O inverno é o mais frio dos últimos 30 anos no país. Além das dezenas de mortos e centenas de milhares doentes, o frio também atingiu a colheita da região e matou dezenas de lhamas e alpacas --os dois únicos mamíferos que podem ser criados nas regiões mas montanhas.

O PMA (Programa Mundial de Alimentos) anunciou o envio de alimentos ao Peru, que também serão distribuídos às vítimas do terremoto. O governo pede o envio de comida, barracas, medicamentos, roupa e água para as vítimas do tremor de terra.

Seis novos hospitais de campanha enviados pela cooperação internacional iniciaram hoje suas atividades na região mais afetada, com a administração de cubanos, americanos e espanhóis em coordenação com os responsáveis da Defesa Civil peruana. O atendimento imediato de emergência --a primeira fase da operação iniciada na quinta-feira (16)- vai durar, segundo o responsável pela coordenação, James Atkins, ao menos três meses, nos quais deverá ser mantido o envio de ajuda, embora não na mesma proporção.

Nos primeiros quatro dias, chegaram ao aeroporto de Pisco 250 vôos procedentes do resto do Peru e de outros países, com pelo menos mil toneladas de ajuda e diversos socorristas, médicos e especialistas em desastres. A segunda fase da operação será a de reabilitação e a terceira, de reconstrução, afirma o alto cargo da Defesa Civil, embora esta última leve anos até que se conclua.

Psicólogos

Por enquanto, uma das ajudas mais importantes que a Defesa Civil deve oferecer aos desabrigados é a psicológica, pois as pessoas atingidas sofrem com um "forte sofrimento que pode levá-las a crises e doenças posteriores", ressalta Atkins. "Também é preciso fazer o tratamento correspondente dos que estão a cargo da ajuda, que sofrem o trauma do que vêem, por isso devemos nos preocupar com que nosso pessoal esteja protegido neste aspecto", disse.

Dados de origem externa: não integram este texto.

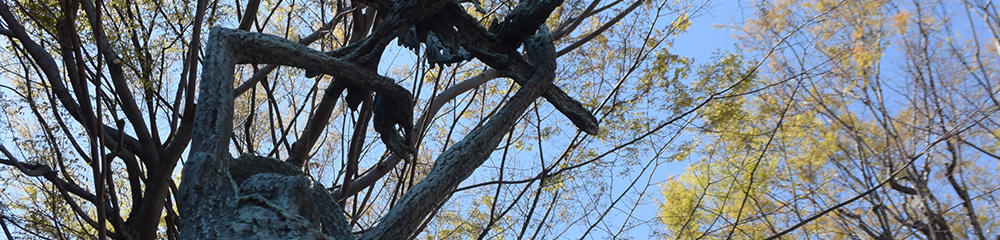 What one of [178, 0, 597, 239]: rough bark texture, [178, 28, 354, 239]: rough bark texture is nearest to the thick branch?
[178, 0, 597, 239]: rough bark texture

No entanto, continuam as críticas à organização da assistência, sobretudo pela falta de coordenação para a atribuição de tarefas às equipes de socorro e ajuda médica.

Brasil

Os consulados e embaixadas do Peru em São Paulo, em Brasília e no Rio recebem doações para as vítimas do terremoto ocorrido no Peru. Em Brasília, donativos podem ser entregues na sede da Embaixada do Peru em Brasília, que fica no setor embaixadas sul, na avenida das Nações, quadra 811, lote 43.

No Rio, a ajuda deve ser entregue ao Consulado Geral do Peru, na avenida Rui Barbosa, número 314, 2º andar, no Flamengo. O órgão também recebe dinheiro e emite recibos. Um galpão da Prefeitura de São Paulo recebe os donativos entre as 12h e as 18h desta segunda-feira e entre as 8h e as 18h de amanhã (21). O galpão fica na rua Sobral Junior, número 264, na zona norte da cidade. Entre os principais itens solicitados pelo consulado do Peru estão barracas, camas de armar, garrafas e garrafões de água, cobertores, sacos de dormir, roupas, pás, remédios e insumos.